Question: Who does multiculturalism hurt?
Ian Buruma: Well multiculturalism, if it is simply a description of a society which consists of various different cultures and languages, is one thing. We live in such societies. Multiculturalism as an ideology that somehow supposes that or promotes the idea that people should stick to their own culture and not integrate or assimilate I think is wrong. But I think as an ideology it is certainly on the way out. I don’t think that that many people believe in that anymore. I think that when you think of it in that dogmatic way it harms minorities because they’re not encouraged to learn the skills or the languages that would allow them to take part in the societies and the economies in a way that would be beneficial to them.
Question: How have former British colonies dealt with the phenomenon of multiculturalism?
Ian Buruma: Well India is rather a good example of a place which has institutionalized multiculturalism in the sense that it includes a population of very different cultures and even ethnicities and I don’t just mean Muslims and Hindus. There are a huge number of different languages in India and so on. And somehow it works even though there are instances of violence and tensions and it is a democracy that's hugely problematic, but it works. They’ve found a way of dealing with it that actually probably the West in its more hysterical moments could learn something from.
Indonesia likewise. It was only a nation state because of... because the Dutch colonial history made it that. I mean it is highly diverse. It has only just become a democracy and showing many tensions, but I think again one probably we should be paying more attention to Indonesia because it is the country with the largest Muslim population in the world and when people say Islam in incompatible with democracy they should take another look at Indonesia.
Question: Are urban-rural divisions a source of violent culture clash in Europe?
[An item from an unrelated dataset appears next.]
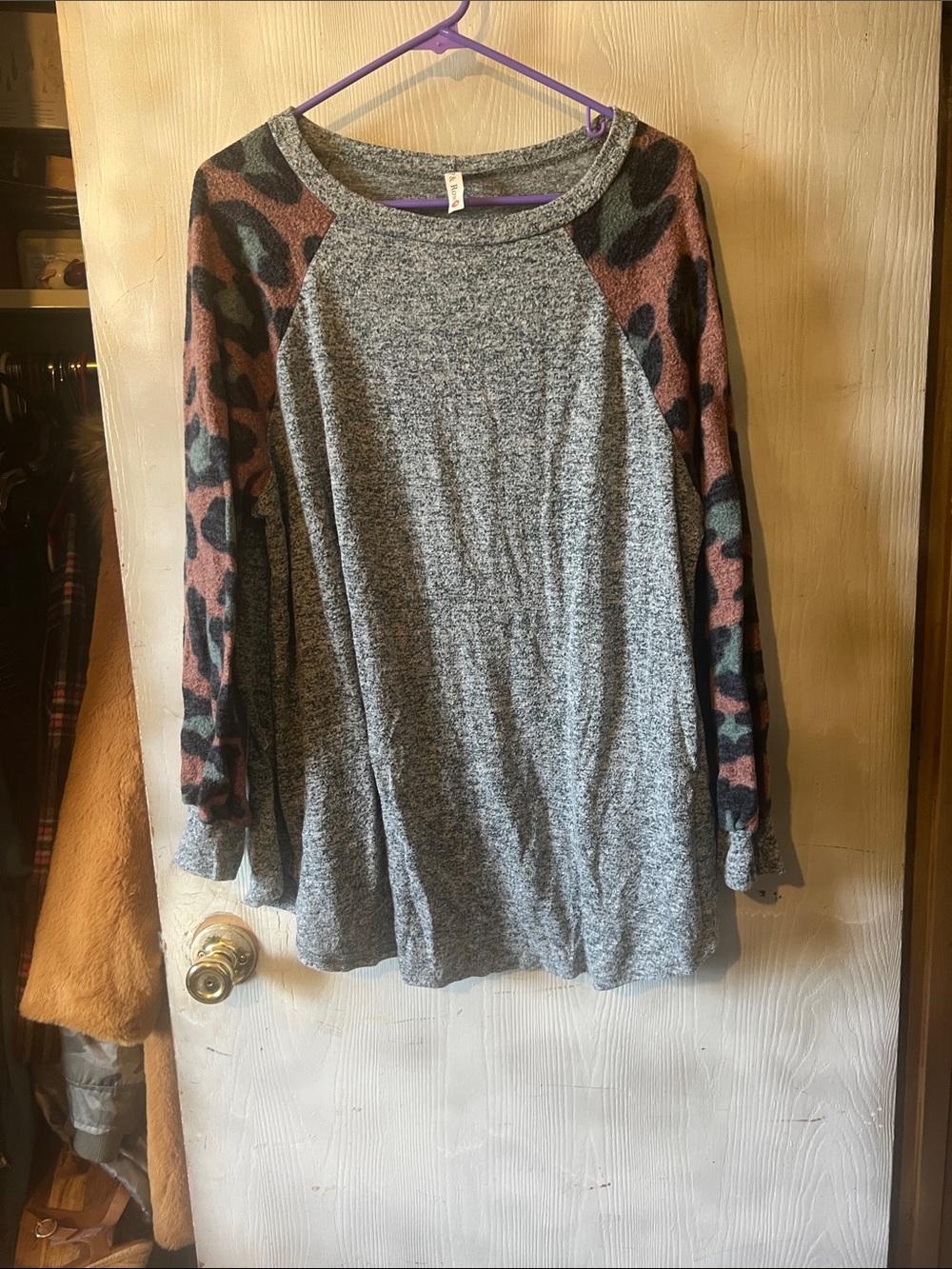 Women's Grey Crewneck Sweater with Pink & Green Camo Raglan Sleeves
Ian Buruma: Well the violence that comes from radical Islamists for example is sometimes blamed on a clash of civilizations that somehow different traditions, one a non-Western one, one a European one, are sort of violently clashing. I think that is a mistake. It’s a mistake in analysis, because the people who drop bombs in the London underground for example are not guest workers from little villages in Anatoli or the Rif Mountains in Morocco. They’re people born in Europe and raised in Europe who often grew up not knowing much about religion. And I think they indeed are often in a kind of no man’s land, which is very often true of second generation immigrants, where they are alienated from the culture of their parents or grandparents and feel rejected for one reason or another by the country in which they grew up. And of course they’re vulnerable, particularly vulnerable, to violent causes. All young people are vulnerable to them, but they are perhaps especially vulnerable.
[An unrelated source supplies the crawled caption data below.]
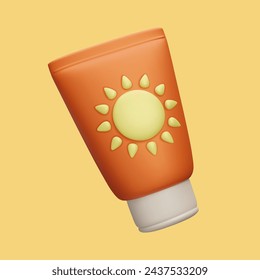 3D SPF sunscreen cream bottle vector illustration. Cute cartoon style 3D summer skincare cosmetic product advertising showcase on yellow sand. Sunblock UV protection treatment healthy suntan.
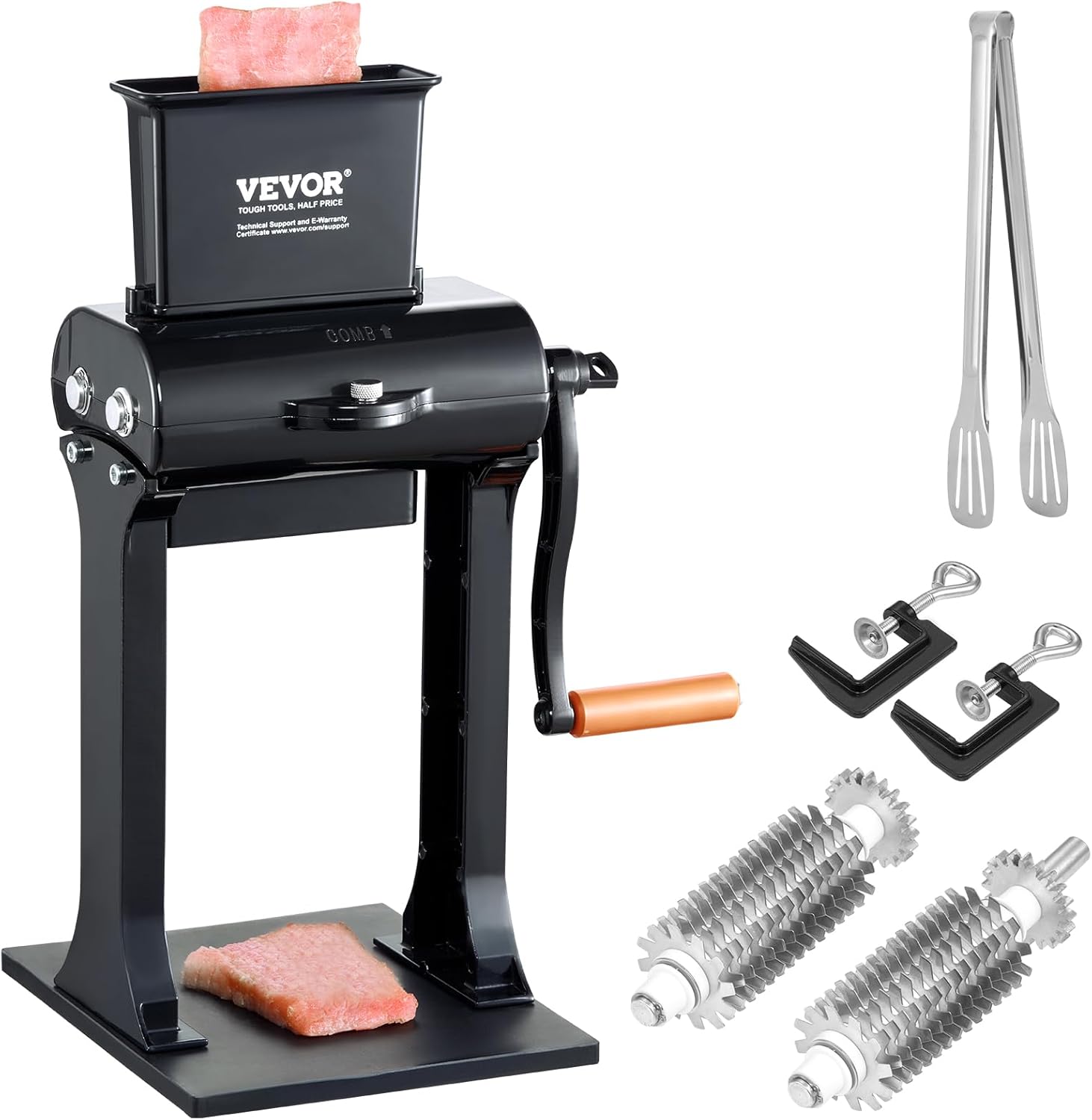 VEVOR Ablandador de carne comercial, máquina ablandadora de carne de acero inoxidable resistente, herramienta de cocina de operación manual rápida y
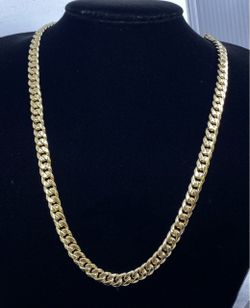$4000 Yellow Gold w Zirconia Hollow Cuban Chain Necklace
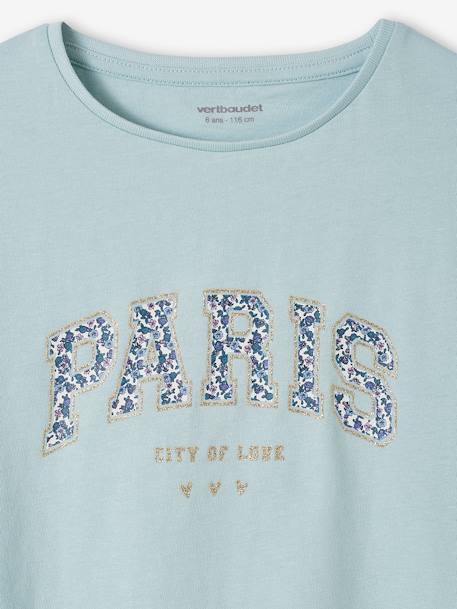 T-Shirt with Message in Flower Motifs for Girls coral+ecru+pale yellow+sky blue 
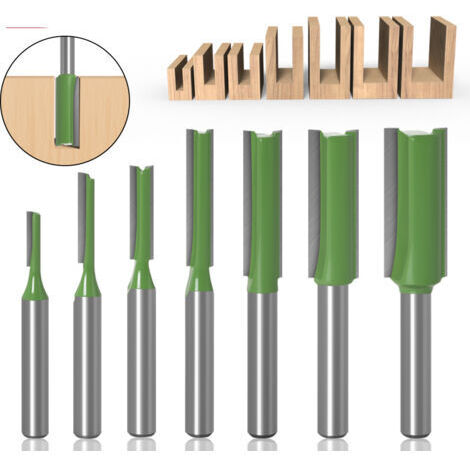 DEESSE SHOP-6mm Fraise défonceuse droite, 7 pièces Mèches de routeur droites Fraise à tranchants droits Jeu de mors droits Outils de travail du bois de fraise en bois de carburateur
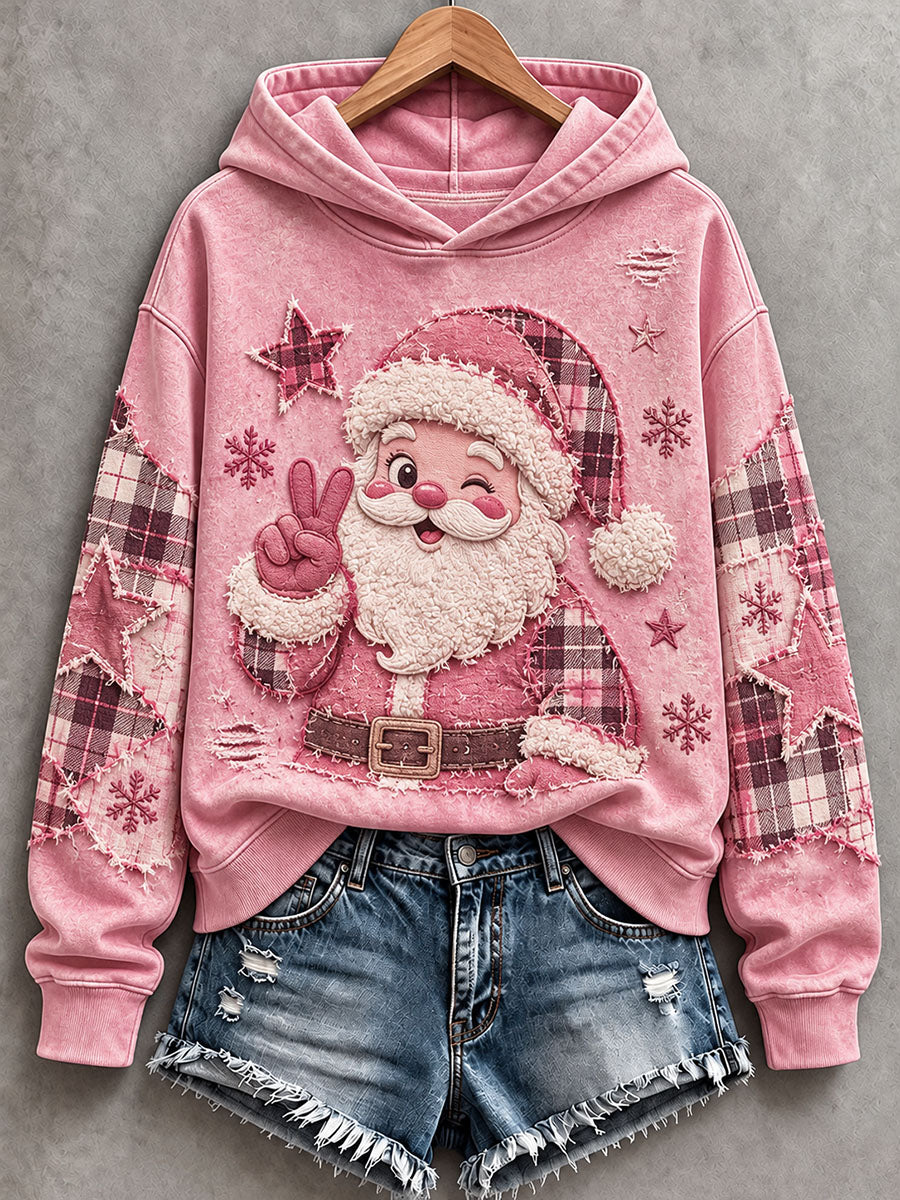 Women's Pink Santa Patchwork Art Hoodie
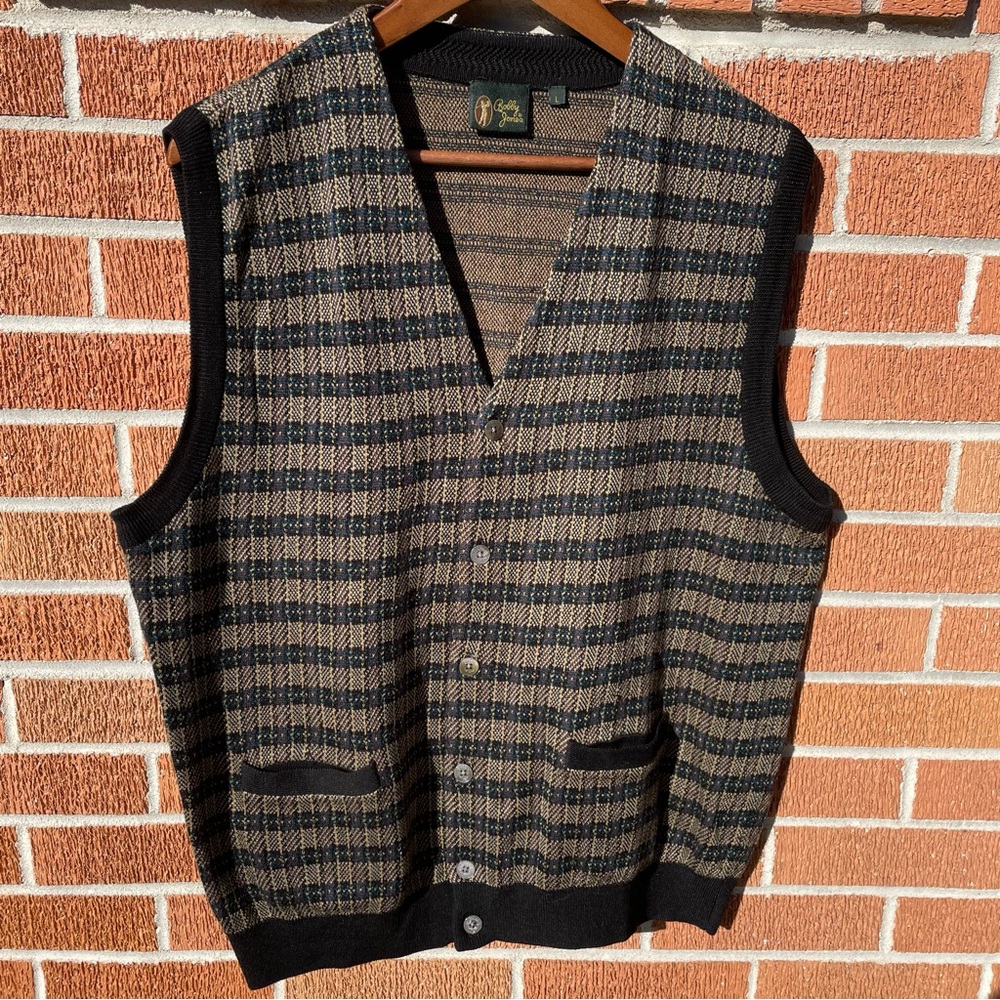 Vtg Bobby Jones Golf Cardigan Vest Men's Large Geometric Button Up Cotton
Question: How does the Tea Party movement reflect broader global fears about multiculturalism?
Ian Buruma: Well I see the Tea Party movement as something that is part of a phenomenon that is going on all over the world now that there is a general anxiety caused by globalization, by the influence of international corporations, of super-national organizations and so on... people feel that they’re in a world where they’ve lost their grip on who they are, where they belong. They don’t know who represents them anymore and so on. And this has led often to defensive reactions and often hostile reactions, partly against the political elites that are blamed for this state of affairs, that are blamed for these anxieties, but also against the alien elements. And the two are linked because in Europe is it the elites that are blamed for bringing in the immigrants and for dismissing everybody who complained about tensions that come out of large-scale and not-very-well-managed immigration, that dismissed such complaints as racism. And so there is a populist reaction against the elites which has taken this immigration issue somehow as a sort of focal point.
Question: Would promoting a view of religion as a cultural product reduce intolerance?
Ian Buruma: Well I don’t think it would make much difference whether we call it a cultural product or anything else. Of course to some extent it is a cultural product. I mean the religions most people believe in are the ones that they were born with or part of the communities they were born into, but recognizing that is not going to lessen the hostilities or the tensions that are there because I think the reasons for those are social, political and as I said earlier to do with more general anxieties, which are not always very focused. But when people are frightened the first things that they are going to react against are minorities, alien minorities—or minorities that look alien—and the people who supposedly have power, the elites who are blamed for making life difficult.
Question: Would some European countries benefit from the establishment of an Islamic political party?
Ian Buruma: It might, but the problem… Well, it depends on the political system. In a basically two party system like Britain, or the United States for that matter, having a splinter party that is religious that kind doesn’t make any difference. In countries with proportional representation where you have coalition governments, many parties there are of course religious parties. You have Christian Democrats. You have Christian parties of various kinds, and it is very possible that there will be Islamic parties of that nature. The problem with forming an Islamic party, and there have been people who have tried, is that there is no such thing as an Islamic community. They are very divided. They come from very different cultures. There is a schism between the Shiites and the Sunnis and so on, so it is difficult for Muslims to make a common political cause even though from the outside, from the non-Muslim perspective they all may look like one great monolith.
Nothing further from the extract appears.